Transnet’s procurement of the locomotives was regarded as a laudable idea and was projected to increase South Africa’s rail capacity to the point where the country could boast being the fifth-largest rail system in the world by 2019. According to a 2020 annual report, Transnet had only 571 of the new locomotives in operation — effectively operating at 50% capacity. Not surprisingly, Transnet fell short of its own target to move 350.3 million tons of cargo during the 2018/19 financial year. It only achieved 215.1 million tons in 2019 which inevitably helped bleed the economy and the prospect of employment for many in the process.
The R16-billion escalation was created to facilitate kickbacks to Gupta-linked firms and was made possible through private- and state-actor collusion. Transnet awarded CRRC several tenders to supply the locomotives. The Chinese SOE pledged to route money to the Guptas’ network. Evidence shows CRRC planned to funnel 21% of the contract value (R9-billion) to Gupta-linked shell companies.
CRRC: China South Rail and China North Rail
The CRRC is a global rail giant. It is the world’s largest manufacturer of rolling stock (locomotives/vehicles) and rail equipment. As of May 2020, the company reported a workforce of more than 165,000 employees operating in 101 countries. Its market capital value was an enormous $15.2-billion (R223.7-billion). CRRC is the result of the 2014 megamerger between China North Rail (CNR) and China South Rail (CSR), the country’s two largest train manufacturers. This created a behemoth with revenue reaching $14-billion (R206-billion) and assets amounting to $65-billion (R956.6-billion) in 2020.
CRRC was initially established in 1881 during the Qing dynasty until state reform of SOEs in 2000 saw a split into CSR and CNR. In terms of the 1,064 locomotive deal, Transnet transacted with these two companies before they were again merged as CRRC in 2015.

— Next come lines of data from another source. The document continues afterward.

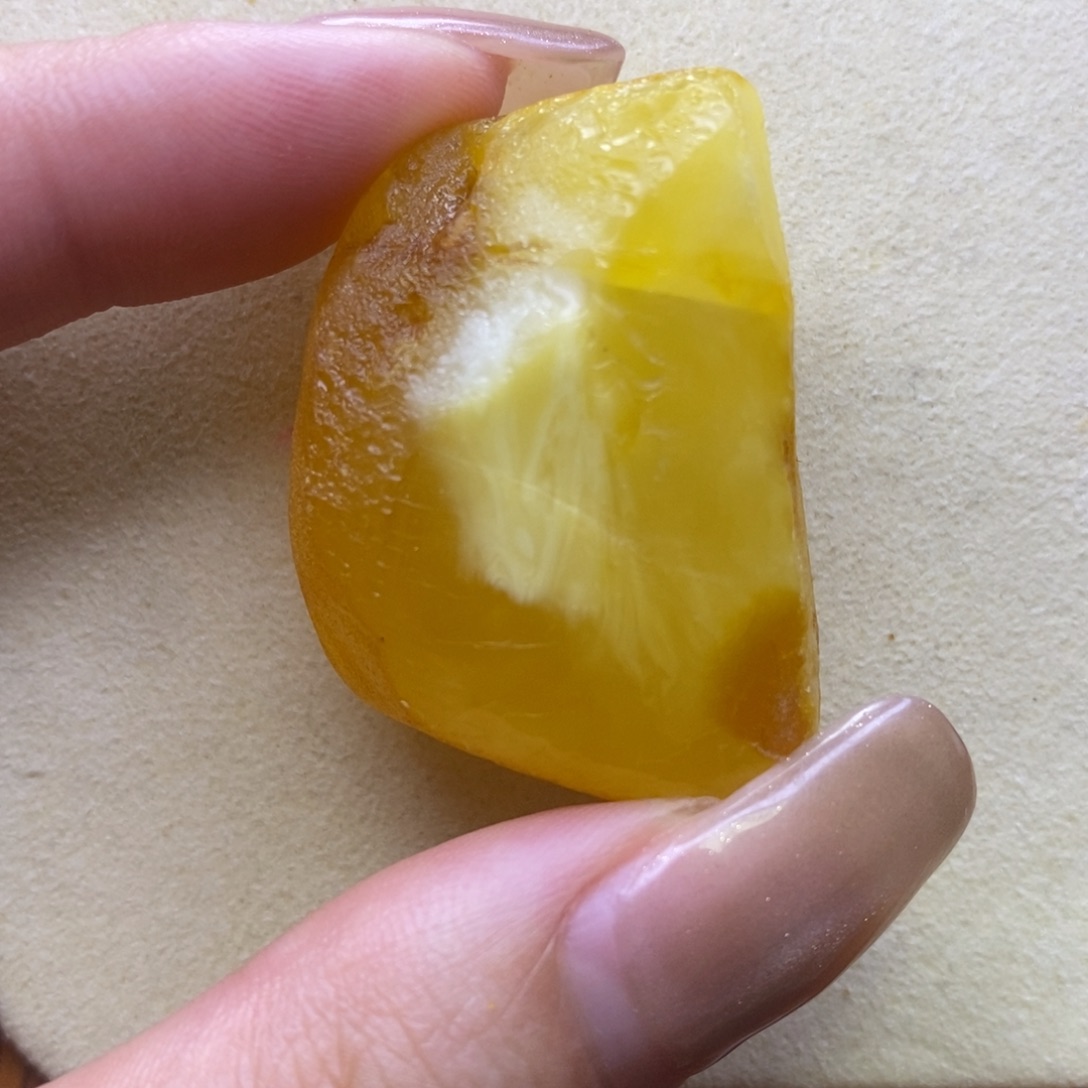 未镶嵌定制蜜蜡云*陈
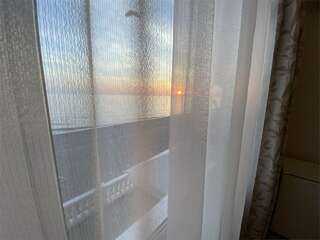 Гостиница Пионер Лоо Трехместный номер Делюкс с видом на море-5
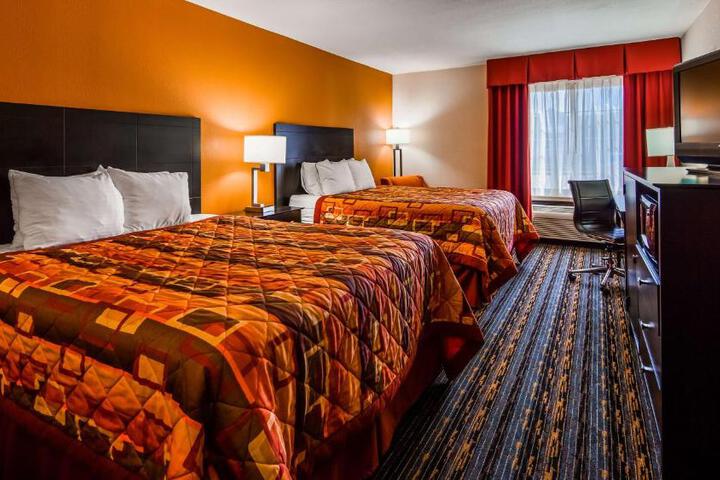 2 Queen Beds High Speed Internet Accessible Microwave and Refrigerator Work Desk Full Breakfast (4 of 4)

CRRC said a key reason for the re-merger was international competitiveness. This came as no surprise as a week before the announcement of the merger, the Chinese state introduced the “Made in China 2025” initiative. It included targets to be met by specific deadlines and was intended to create a self-sustainable China, able to compete with global manufacturing giants. CRRC had a monopoly on China’s domestic market, which contributed more than 90% to operational revenue in 2017. Between shifts in its domestic market and CRRC’s demanding targets, foreign expansion was crucial. The locomotive deals with Transnet show what CRRC — and ultimately its proprietors in the Beijing government — was prepared to do to access new markets.
Both CNR and CSR were the successful bidders at various stages of Transnet’s procurement processes. First for the 1,064 locomotives deal of 2014 and the earlier 2012 contracts for the 95 and 100 locomotives. However, as the evidence shows, the procurement processes were riddled with irregularities.
The 95 deal
In 2012, Transnet awarded CSR a tender for the 95 locomotives deal valued at R2.7-billion. Irregularities emerged early in this process. Transnet executives were going out of their way to ensure that CSR won the contract. For one, CSR failed to pay the required fee linked to the tender application and it did not meet the required broad-based black economic empowerment (BBBEE) score. This should have disqualified CSR. Worryingly, emails from Transnet’s then CEO, Brain Molefe, predicted CSR would win the tender before the final decision was made. The final result was that the deal was R100-million over Transnet’s original estimated budget of R2.6-billion.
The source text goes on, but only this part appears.